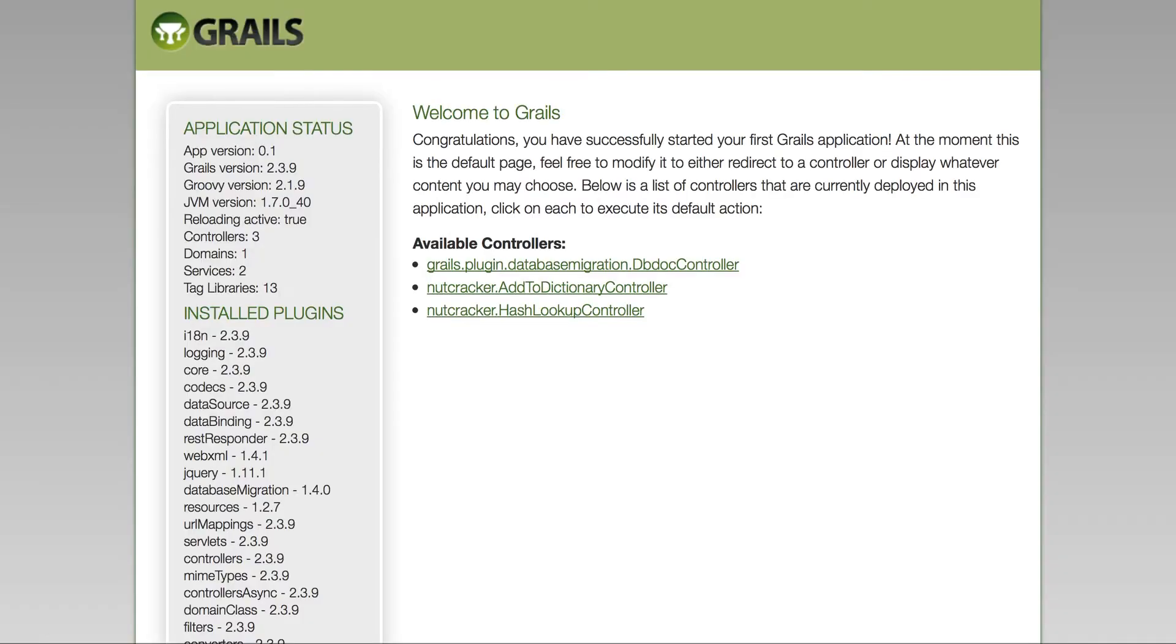So as long as you keep adding to the dictionary, you have the chance of finding more matches to words. The code itself is pretty simple, pretty straightforward.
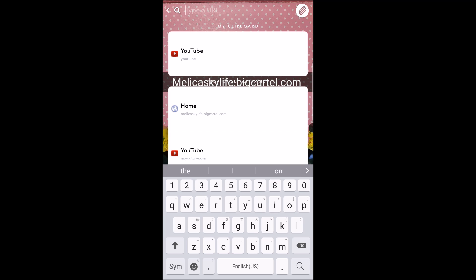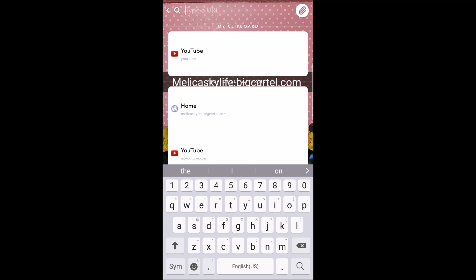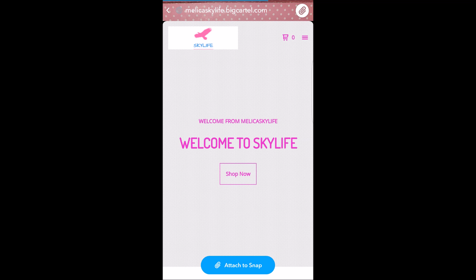The site that I want to link is already on my clipboard, which is my business website — it is melikaskarlife.bigcartel.com. I'm going to click on that and it's going to be loaded. Once that says loaded, I'm going to click attach to Snap.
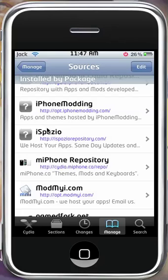So this is the Keep Awake toggle for SBSettings — a nice, simple toggle. Remember to rate, comment, and subscribe if you have a chance. It helps a lot and it's what makes me want to keep doing videos for you guys.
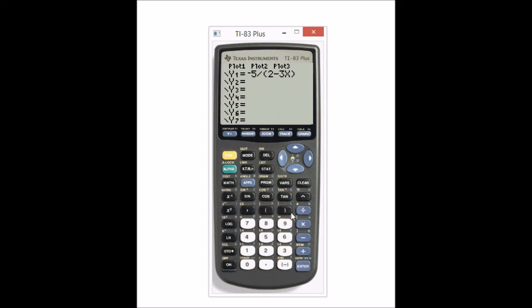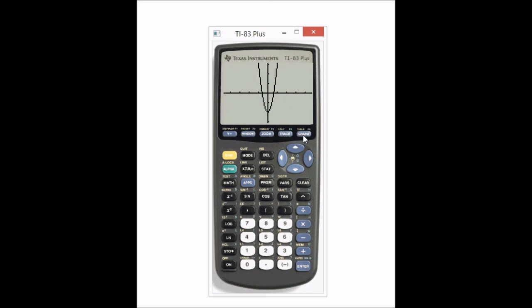Now let's enter the second equation. I press enter on the equal sign to turn off that first function. You can keep the equation there and still go on to the next one. So I entered the second function, which is a parabola. We can compare: the domain we got was negative infinity to infinity, and then the range was negative two to infinity. And you can see that with our picture.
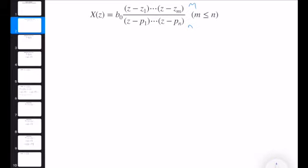We have zeros and poles, and we assume that m is less than or equal to n because our systems and signals are assumed to be causal. The basic idea is dividing X of Z into small pieces — pieces that we already know, such as the Z-transform of the sine function, step function, ramp function, or geometric series, and other similar expressions from tables.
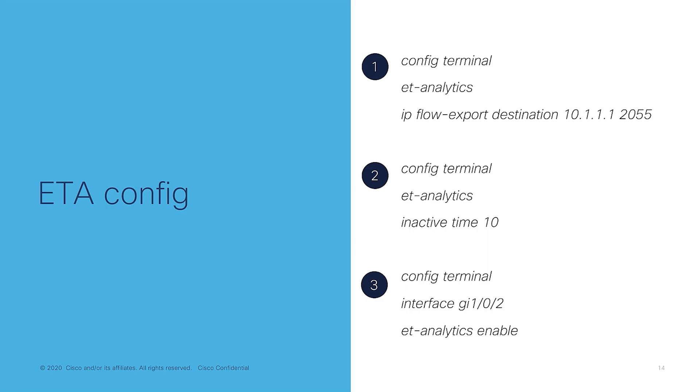Well, it's rather simple. We only need three things. First, we instruct the switch to send the traffic information to the Stealthwatch, and this is done using a flow exporter. Second, we specify a timeout period for the traffic streams, and this helps us maximize resources on the switch. And finally, we instruct where we want to enable ETA.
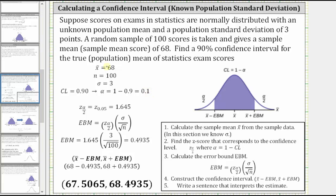Step one is to find the sample mean, which in this case we were given: x-bar equals 68. Step two, we find the z-score that corresponds to the confidence level, which is z sub alpha divided by two. Let's take a look at this in more detail.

····················

--- Problem to solve ---
The required output is every line from the one containing "Well, it's rather" through the last line of the data above, restated exactly and without pictures.

--- Answer for this exercise ---
Well, it's rather simple. We only need three things. First, we instruct the switch to send the traffic information to the Stealthwatch, and this is done using a flow exporter. Second, we specify a timeout period for the traffic streams, and this helps us maximize resources on the switch. And finally, we instruct where we want to enable ETA.
Step one is to find the sample mean, which in this case we were given: x-bar equals 68. Step two, we find the z-score that corresponds to the confidence level, which is z sub alpha divided by two. Let's take a look at this in more detail.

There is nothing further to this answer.